There was a criminal tax evasion case, US v Harris, about twin sisters being kept as mistresses and the money and gifts they got from their sugar daddy. The sisters won on appeal under Duberstien. Of course, the payments didn't come from family members and the contention was that the money and stuff was for other 'services' not hush money.

Of course, it could also be considered a gift to Ensign. It doesn't have to be paid directly in cash to him for it to be a gift.

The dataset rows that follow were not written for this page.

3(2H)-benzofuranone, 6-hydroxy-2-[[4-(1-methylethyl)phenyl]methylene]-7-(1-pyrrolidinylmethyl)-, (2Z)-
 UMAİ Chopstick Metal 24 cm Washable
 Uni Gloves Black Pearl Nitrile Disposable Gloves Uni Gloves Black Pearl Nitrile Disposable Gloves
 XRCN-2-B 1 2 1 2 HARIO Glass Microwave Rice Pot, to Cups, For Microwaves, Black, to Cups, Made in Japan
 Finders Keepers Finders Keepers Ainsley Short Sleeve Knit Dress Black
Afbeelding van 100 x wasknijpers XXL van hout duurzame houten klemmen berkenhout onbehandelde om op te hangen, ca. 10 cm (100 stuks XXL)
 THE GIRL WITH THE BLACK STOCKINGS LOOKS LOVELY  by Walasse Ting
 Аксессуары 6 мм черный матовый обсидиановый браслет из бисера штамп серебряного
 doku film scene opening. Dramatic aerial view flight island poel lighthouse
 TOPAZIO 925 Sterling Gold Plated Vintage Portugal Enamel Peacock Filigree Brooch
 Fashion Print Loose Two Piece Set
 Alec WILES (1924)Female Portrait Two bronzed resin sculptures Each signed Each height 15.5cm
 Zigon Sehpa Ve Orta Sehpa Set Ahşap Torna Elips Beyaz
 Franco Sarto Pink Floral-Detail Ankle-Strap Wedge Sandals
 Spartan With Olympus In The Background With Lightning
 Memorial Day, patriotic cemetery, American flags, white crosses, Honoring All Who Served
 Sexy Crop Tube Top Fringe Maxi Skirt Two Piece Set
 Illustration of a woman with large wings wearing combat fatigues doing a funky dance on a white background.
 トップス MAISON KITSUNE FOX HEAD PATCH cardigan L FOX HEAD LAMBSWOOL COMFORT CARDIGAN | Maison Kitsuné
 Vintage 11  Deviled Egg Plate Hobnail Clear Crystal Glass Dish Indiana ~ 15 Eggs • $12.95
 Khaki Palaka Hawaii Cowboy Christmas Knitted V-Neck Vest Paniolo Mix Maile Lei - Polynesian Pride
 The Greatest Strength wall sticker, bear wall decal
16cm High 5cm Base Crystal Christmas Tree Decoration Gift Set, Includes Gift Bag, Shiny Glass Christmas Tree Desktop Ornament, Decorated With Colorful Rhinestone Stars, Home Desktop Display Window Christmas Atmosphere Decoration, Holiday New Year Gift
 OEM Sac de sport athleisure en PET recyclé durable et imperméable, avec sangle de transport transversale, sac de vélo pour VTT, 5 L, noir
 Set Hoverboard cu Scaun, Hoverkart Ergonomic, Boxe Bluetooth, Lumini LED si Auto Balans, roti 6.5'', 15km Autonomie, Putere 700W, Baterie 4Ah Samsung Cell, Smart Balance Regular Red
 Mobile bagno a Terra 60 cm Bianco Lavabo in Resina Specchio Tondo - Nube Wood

Posted by: TTC | Jul 13, 2009 8:53:15 PM

How about substance over form?

Posted by: Shag from Brookline | Jul 11, 2009 2:52:07 AM

Isn't there a case in the Bankman Shaviro casebook about payments to a mistress? Would payments to your son's mistress be in a similar category? I'm betting this will show up on at least one exam this year.

Posted by: mike livingston | Jul 10, 2009 2:07:50 PM

I wonder about the family's characterization of these payments as gifts, which, if they were really gifts, permit the recipients to receive them tax free. The Duberstein test for gift, as I recall it, requires detached and disinterested generosity. Ensign's lawyer in announcing the payments did a spin to make the payments fit that defintion. But, it seems to me that the facts may not be consistent with gift characterization and that the recipients might indeed be taxable on the payments. And, what is the potential exposure of the payors and their advisors for some type of criminal tax prosecution from the mischaracterization -- perhaps the defraud / Klein conspiracy or tax obstruction or even tax evasion (not just the taxpayers can be tried for evasion they facilitate?

Posted by: Jack Townsend | Jul 10, 2009 1:40:18 PM

Or did tax law (i.e., the possibility of receiving as much as $12,000 tax free from any one "gifter" for any one "giftee") cause John Ensign's mistress to help him cheat on his wife?

Posted by: Linda | Jul 10, 2009 1:03:20 PM

After reading the various blog posts on tax law's supposed role in the metro crash, I am waiting for a tax commentator to posit:

Did tax law cause John Ensign to cheat on his wife?